By SASHA PAULSEN, Register Features Editor
Thursday, November 10, 2005
John Philip Sousa became the first millionaire musician in this country by following a simple philosophy: Give the people what they want.
In the ongoing search for what audiences in Napa want, one might want to take a close look at the sold-out audience and the thunderous applause that greeted "Oh Mr. Sousa!" in its premiere at the Opera House Sunday. Not to mention the toe-tapping that accompanied the renditions of some of Sousa's famous pieces.
This tribute in the form of a musical biography premiered on an auspicious day: Not only was it the 151th anniversary of Sousa's birth, but it was exactly 100 years after the March King himself appeared on the stage at the Opera House.

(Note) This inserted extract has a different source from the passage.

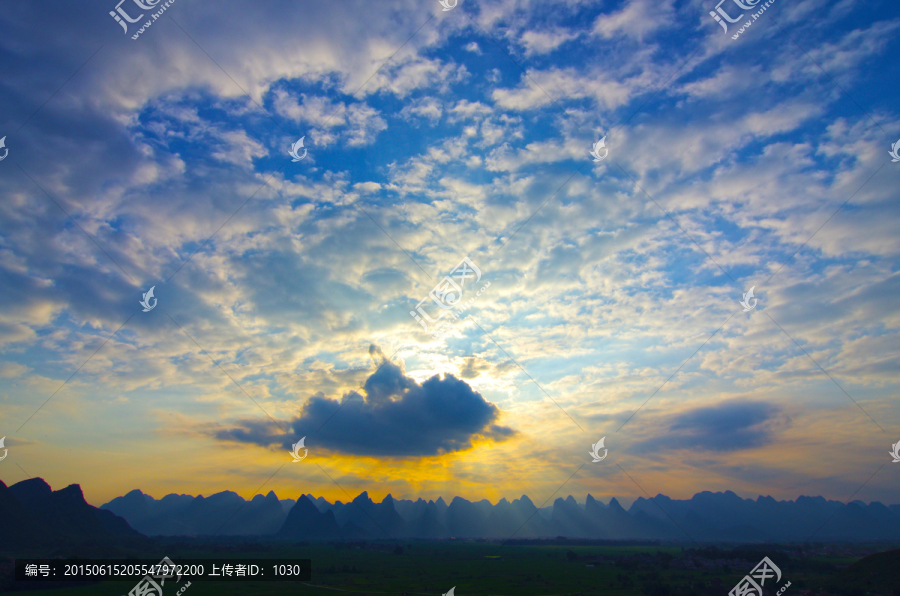 夕阳远山（有噪点）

"His ghost is somewhere here, I'm sure," Evy Warshawski, opera house director, said, introducing the show.
"Oh Mr. Sousa!" is the brainchild of Ken Malucelli, producer, writer, arranger and director of the work, which intersperses a range of Sousa's music with vignettes from the great band leader's life.

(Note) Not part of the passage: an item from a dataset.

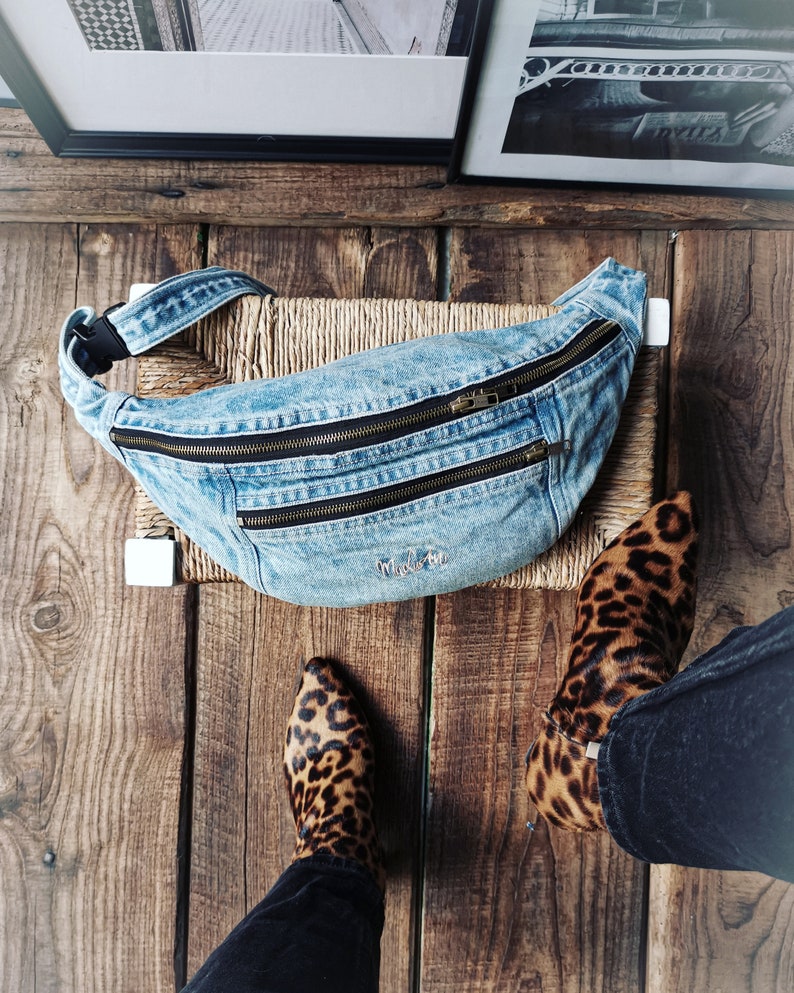 Sac banane Betty en denim délavé image 1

A 22-member concert band, conducted by Lester Lehr, did a superb job of performing 24 pieces that ranged from some of Sousa's most stirring marches to numbers from his less successful operettas and a lively "Turxie" medley of "Turkey in the Straw" and "Dixie." Works by Scott Joplin and Gilbert and Sullivan are also included, conveying the spirit of the times.
Indeed "Oh Mr. Sousa!" brings home the point that although he gained worldwide fame and a lasting place in American music for his spirited marches like "The Washington Post," "Semper Fidelis" and, of course, "Stars and Stripes Forever," Sousa regretted that audiences never got as excited by his operettas. Listening, however, to the dirge-like "Sweetheart, I'm Waiting," from El Capitan (his most successful operetta), one understands the audiences' predilection for "Stars and Stripes."
A nine-person cast slipped in and out of 37 roles, narrating Sousa's colorful life, beginning with his birth in Washington, D.C., covering his romance and marriage to the 16-year-old Jennie, and his long, successful career, concluding with his death at age 77, just after conducting a rehearsal of "Stars and Stripes Forever."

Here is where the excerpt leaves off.